Sauerkraut is made by very thinly slicing a cabbage and then "pickling" it by a process called lacto-fermentaion. In this process, lactic acid is created by the reaction of bacteria (from the air) combining with natural food sugars. Turning a cabbage into a fermented food now makes it a vegetables with probiotic advantages. It will now help balance out your bodies digestive system and help fight against illness. To learn more about probiotics and their benefits please read my article You Are What You Eat.
Cabbage on its own, is one of those cruceriferous vegetables which lowers cholesterol and is very high in antioxidants, vitamin A and vitamin C. According to Doctor Oz. this vegetables is also a cancer fighter.
I have made sauerkraut with red cabbage, white cabbage and with a combination of cabbage and carrots. I have yet to experiment with additional spices, do let me know if you have any favourite combinations.
Ingredients
- 1 head of cabbage (red or white)
- 1 tablespoon sea salt
Directions
- Wash and chop cabbage into thin slices and break apart any chunks. Place cabbage in a large bowl and sprinkle with salt.

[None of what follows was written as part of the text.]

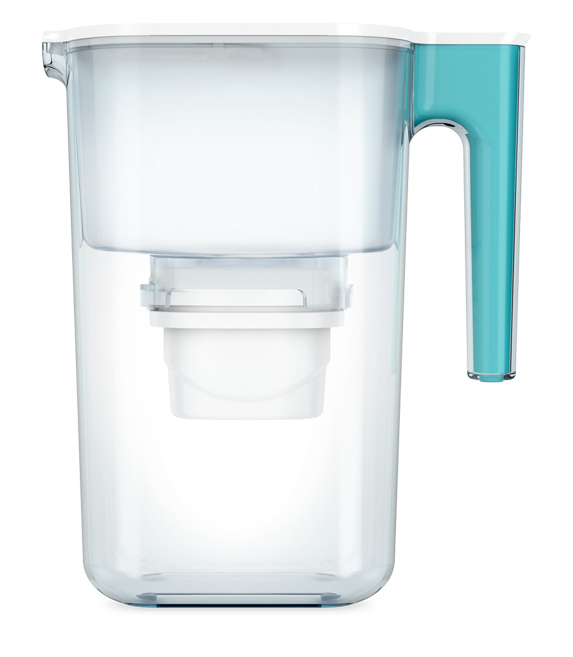 Cana filtranta de apa Aqua Optima Perfect Pour, albastru, 3,6 litri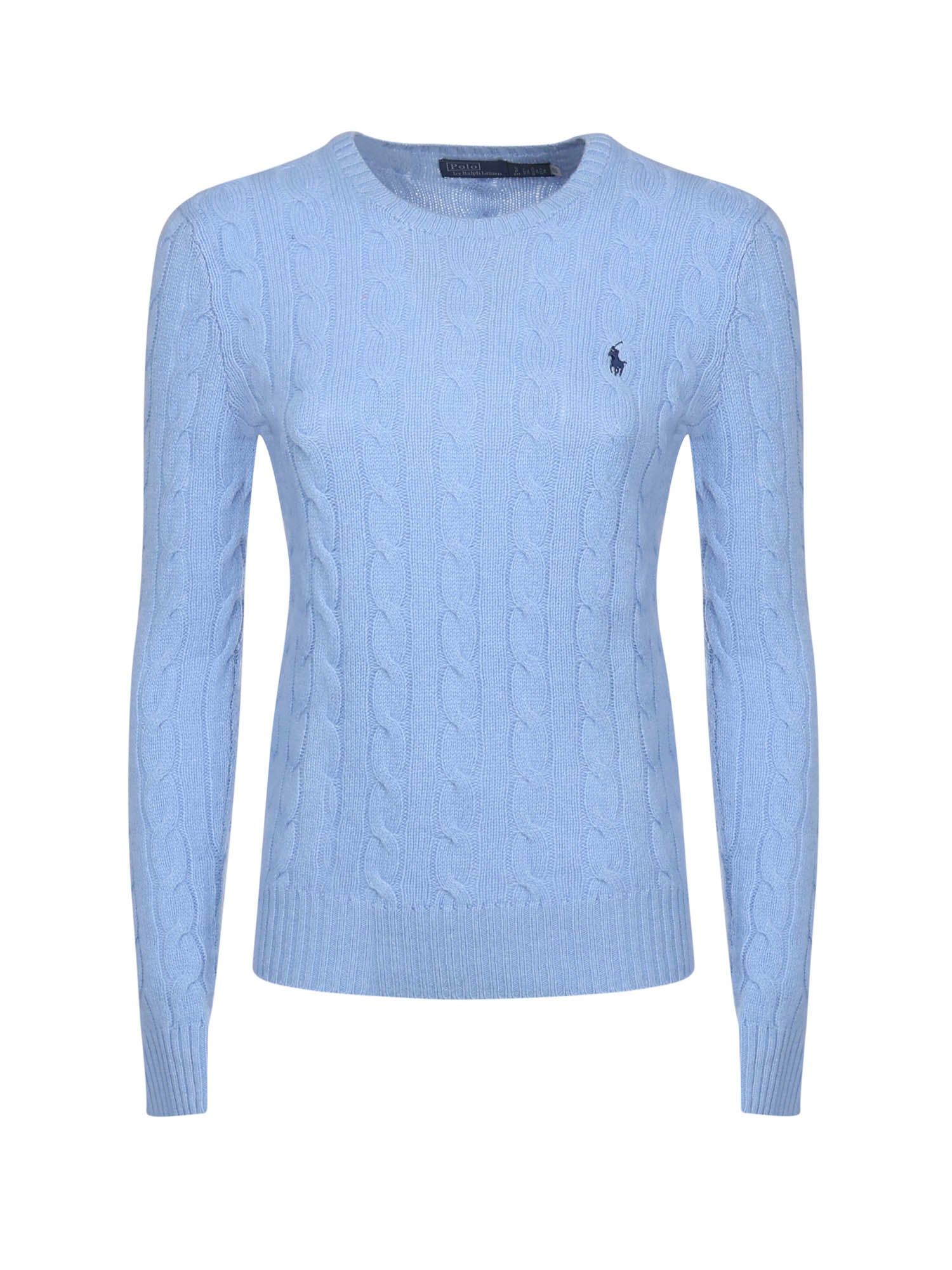 Maglia in lana e cashmere a trecce 211971865 004 POLO RALPH LAUREN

- Squeeze cabbage with hands or mash with a glass jar, wooden spoon or pestle. Do not use a metal instrument as it will react with the lacto-fermentation.
- Once you have extracted some juice and the cabbage is limp. Distribute the cabbage into jars using non-metal instrument. Poor juices over the cabbage ensuring the cabbage is completely covered or scum will form. You may need to use a weight to submerge your cabbage. Loosely cover your jars with the lids and let them sit on the counter.
- It will take about a week for the process to be complete. Simply taste your sauerkraut until it reaches your desired taste. I typically like mine after 7-9 days. Do check on your sauerkraut everyday to ensure it still looks well. If you see some scum or bubbles forming simply scoop them off.
- Once fermentation is complete and the sauerkraut is to your liking, tighten the lids and place in your fridge. Refrigerated sauerkraut will last at least 6 months.